## TASK TO COMPLETE:
Provide an exact reproduction of every entry.

##### EXERCISE MATERIALS

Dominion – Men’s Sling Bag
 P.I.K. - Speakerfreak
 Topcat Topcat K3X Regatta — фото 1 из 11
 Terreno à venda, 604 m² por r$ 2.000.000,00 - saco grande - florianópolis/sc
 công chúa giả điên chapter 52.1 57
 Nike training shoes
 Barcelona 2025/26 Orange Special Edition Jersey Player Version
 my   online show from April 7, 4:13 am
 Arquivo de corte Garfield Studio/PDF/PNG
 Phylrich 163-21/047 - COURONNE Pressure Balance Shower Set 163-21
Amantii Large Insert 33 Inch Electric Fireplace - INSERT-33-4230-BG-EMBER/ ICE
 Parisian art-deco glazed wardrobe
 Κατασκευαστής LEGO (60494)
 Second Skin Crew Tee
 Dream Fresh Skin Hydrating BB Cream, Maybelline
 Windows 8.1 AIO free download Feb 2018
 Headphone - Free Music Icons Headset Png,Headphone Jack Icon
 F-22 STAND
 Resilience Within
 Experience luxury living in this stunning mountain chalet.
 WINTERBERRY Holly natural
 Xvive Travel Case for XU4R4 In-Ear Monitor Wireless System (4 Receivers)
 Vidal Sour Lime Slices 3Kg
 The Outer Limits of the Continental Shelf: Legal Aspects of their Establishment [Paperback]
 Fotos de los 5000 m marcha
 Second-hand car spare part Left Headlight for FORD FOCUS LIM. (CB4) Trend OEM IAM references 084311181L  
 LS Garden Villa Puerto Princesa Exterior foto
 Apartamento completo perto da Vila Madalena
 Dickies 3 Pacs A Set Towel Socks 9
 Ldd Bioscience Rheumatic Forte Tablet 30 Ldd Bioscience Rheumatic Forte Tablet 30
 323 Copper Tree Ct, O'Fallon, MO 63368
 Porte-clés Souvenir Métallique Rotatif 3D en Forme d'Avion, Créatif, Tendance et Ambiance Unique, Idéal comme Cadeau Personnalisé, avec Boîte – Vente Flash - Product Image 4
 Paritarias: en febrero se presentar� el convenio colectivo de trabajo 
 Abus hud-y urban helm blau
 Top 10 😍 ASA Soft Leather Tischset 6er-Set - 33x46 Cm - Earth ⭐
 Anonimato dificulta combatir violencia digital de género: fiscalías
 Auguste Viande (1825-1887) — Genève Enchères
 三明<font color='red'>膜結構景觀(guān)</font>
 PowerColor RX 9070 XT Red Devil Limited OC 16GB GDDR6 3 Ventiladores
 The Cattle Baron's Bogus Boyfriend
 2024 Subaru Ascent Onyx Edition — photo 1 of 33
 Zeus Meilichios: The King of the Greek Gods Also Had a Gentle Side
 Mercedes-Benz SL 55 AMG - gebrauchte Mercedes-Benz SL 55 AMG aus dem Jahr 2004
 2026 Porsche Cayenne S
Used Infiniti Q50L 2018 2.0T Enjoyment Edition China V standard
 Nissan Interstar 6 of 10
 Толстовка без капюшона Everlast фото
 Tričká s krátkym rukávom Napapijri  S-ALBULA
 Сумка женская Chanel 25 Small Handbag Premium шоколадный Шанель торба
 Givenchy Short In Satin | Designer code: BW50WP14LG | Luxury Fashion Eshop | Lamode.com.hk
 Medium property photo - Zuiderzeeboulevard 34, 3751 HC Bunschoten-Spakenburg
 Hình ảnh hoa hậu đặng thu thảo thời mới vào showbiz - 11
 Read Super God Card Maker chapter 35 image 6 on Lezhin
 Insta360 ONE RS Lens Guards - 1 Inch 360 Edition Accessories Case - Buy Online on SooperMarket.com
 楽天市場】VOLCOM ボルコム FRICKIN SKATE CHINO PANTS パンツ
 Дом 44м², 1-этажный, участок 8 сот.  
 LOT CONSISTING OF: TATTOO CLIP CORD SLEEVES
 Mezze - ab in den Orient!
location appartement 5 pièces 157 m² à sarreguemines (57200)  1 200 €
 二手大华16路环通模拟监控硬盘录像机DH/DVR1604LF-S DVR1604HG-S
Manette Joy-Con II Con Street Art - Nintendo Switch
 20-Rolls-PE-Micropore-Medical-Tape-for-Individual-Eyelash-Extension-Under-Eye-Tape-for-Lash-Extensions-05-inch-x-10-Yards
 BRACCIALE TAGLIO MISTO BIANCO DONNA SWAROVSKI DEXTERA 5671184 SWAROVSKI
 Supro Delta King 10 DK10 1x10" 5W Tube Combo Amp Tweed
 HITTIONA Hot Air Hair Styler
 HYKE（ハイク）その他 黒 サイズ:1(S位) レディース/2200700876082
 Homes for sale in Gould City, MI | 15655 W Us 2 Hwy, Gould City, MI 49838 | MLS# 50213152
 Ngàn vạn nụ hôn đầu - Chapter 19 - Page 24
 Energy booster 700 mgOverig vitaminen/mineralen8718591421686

##########

## ANSWER AREA:
Dominion – Men’s Sling Bag
 P.I.K. - Speakerfreak
 Topcat Topcat K3X Regatta — фото 1 из 11
 Terreno à venda, 604 m² por r$ 2.000.000,00 - saco grande - florianópolis/sc
 công chúa giả điên chapter 52.1 57
 Nike training shoes
 Barcelona 2025/26 Orange Special Edition Jersey Player Version
 my   online show from April 7, 4:13 am
 Arquivo de corte Garfield Studio/PDF/PNG
 Phylrich 163-21/047 - COURONNE Pressure Balance Shower Set 163-21
Amantii Large Insert 33 Inch Electric Fireplace - INSERT-33-4230-BG-EMBER/ ICE
 Parisian art-deco glazed wardrobe
 Κατασκευαστής LEGO (60494)
 Second Skin Crew Tee
 Dream Fresh Skin Hydrating BB Cream, Maybelline
 Windows 8.1 AIO free download Feb 2018
 Headphone - Free Music Icons Headset Png,Headphone Jack Icon
 F-22 STAND
 Resilience Within
 Experience luxury living in this stunning mountain chalet.
 WINTERBERRY Holly natural
 Xvive Travel Case for XU4R4 In-Ear Monitor Wireless System (4 Receivers)
 Vidal Sour Lime Slices 3Kg
 The Outer Limits of the Continental Shelf: Legal Aspects of their Establishment [Paperback]
 Fotos de los 5000 m marcha
 Second-hand car spare part Left Headlight for FORD FOCUS LIM. (CB4) Trend OEM IAM references 084311181L  
 LS Garden Villa Puerto Princesa Exterior foto
 Apartamento completo perto da Vila Madalena
 Dickies 3 Pacs A Set Towel Socks 9
 Ldd Bioscience Rheumatic Forte Tablet 30 Ldd Bioscience Rheumatic Forte Tablet 30
 323 Copper Tree Ct, O'Fallon, MO 63368
 Porte-clés Souvenir Métallique Rotatif 3D en Forme d'Avion, Créatif, Tendance et Ambiance Unique, Idéal comme Cadeau Personnalisé, avec Boîte – Vente Flash - Product Image 4
 Paritarias: en febrero se presentar� el convenio colectivo de trabajo 
 Abus hud-y urban helm blau
 Top 10 😍 ASA Soft Leather Tischset 6er-Set - 33x46 Cm - Earth ⭐
 Anonimato dificulta combatir violencia digital de género: fiscalías
 Auguste Viande (1825-1887) — Genève Enchères
 三明<font color='red'>膜結構景觀(guān)</font>
 PowerColor RX 9070 XT Red Devil Limited OC 16GB GDDR6 3 Ventiladores
 The Cattle Baron's Bogus Boyfriend
 2024 Subaru Ascent Onyx Edition — photo 1 of 33
 Zeus Meilichios: The King of the Greek Gods Also Had a Gentle Side
 Mercedes-Benz SL 55 AMG - gebrauchte Mercedes-Benz SL 55 AMG aus dem Jahr 2004
 2026 Porsche Cayenne S
Used Infiniti Q50L 2018 2.0T Enjoyment Edition China V standard
 Nissan Interstar 6 of 10
 Толстовка без капюшона Everlast фото
 Tričká s krátkym rukávom Napapijri  S-ALBULA
 Сумка женская Chanel 25 Small Handbag Premium шоколадный Шанель торба
 Givenchy Short In Satin | Designer code: BW50WP14LG | Luxury Fashion Eshop | Lamode.com.hk
 Medium property photo - Zuiderzeeboulevard 34, 3751 HC Bunschoten-Spakenburg
 Hình ảnh hoa hậu đặng thu thảo thời mới vào showbiz - 11
 Read Super God Card Maker chapter 35 image 6 on Lezhin
 Insta360 ONE RS Lens Guards - 1 Inch 360 Edition Accessories Case - Buy Online on SooperMarket.com
 楽天市場】VOLCOM ボルコム FRICKIN SKATE CHINO PANTS パンツ
 Дом 44м², 1-этажный, участок 8 сот.  
 LOT CONSISTING OF: TATTOO CLIP CORD SLEEVES
 Mezze - ab in den Orient!
location appartement 5 pièces 157 m² à sarreguemines (57200)  1 200 €
 二手大华16路环通模拟监控硬盘录像机DH/DVR1604LF-S DVR1604HG-S
Manette Joy-Con II Con Street Art - Nintendo Switch
 20-Rolls-PE-Micropore-Medical-Tape-for-Individual-Eyelash-Extension-Under-Eye-Tape-for-Lash-Extensions-05-inch-x-10-Yards
 BRACCIALE TAGLIO MISTO BIANCO DONNA SWAROVSKI DEXTERA 5671184 SWAROVSKI
 Supro Delta King 10 DK10 1x10" 5W Tube Combo Amp Tweed
 HITTIONA Hot Air Hair Styler
 HYKE（ハイク）その他 黒 サイズ:1(S位) レディース/2200700876082
 Homes for sale in Gould City, MI | 15655 W Us 2 Hwy, Gould City, MI 49838 | MLS# 50213152
 Ngàn vạn nụ hôn đầu - Chapter 19 - Page 24
 Energy booster 700 mgOverig vitaminen/mineralen8718591421686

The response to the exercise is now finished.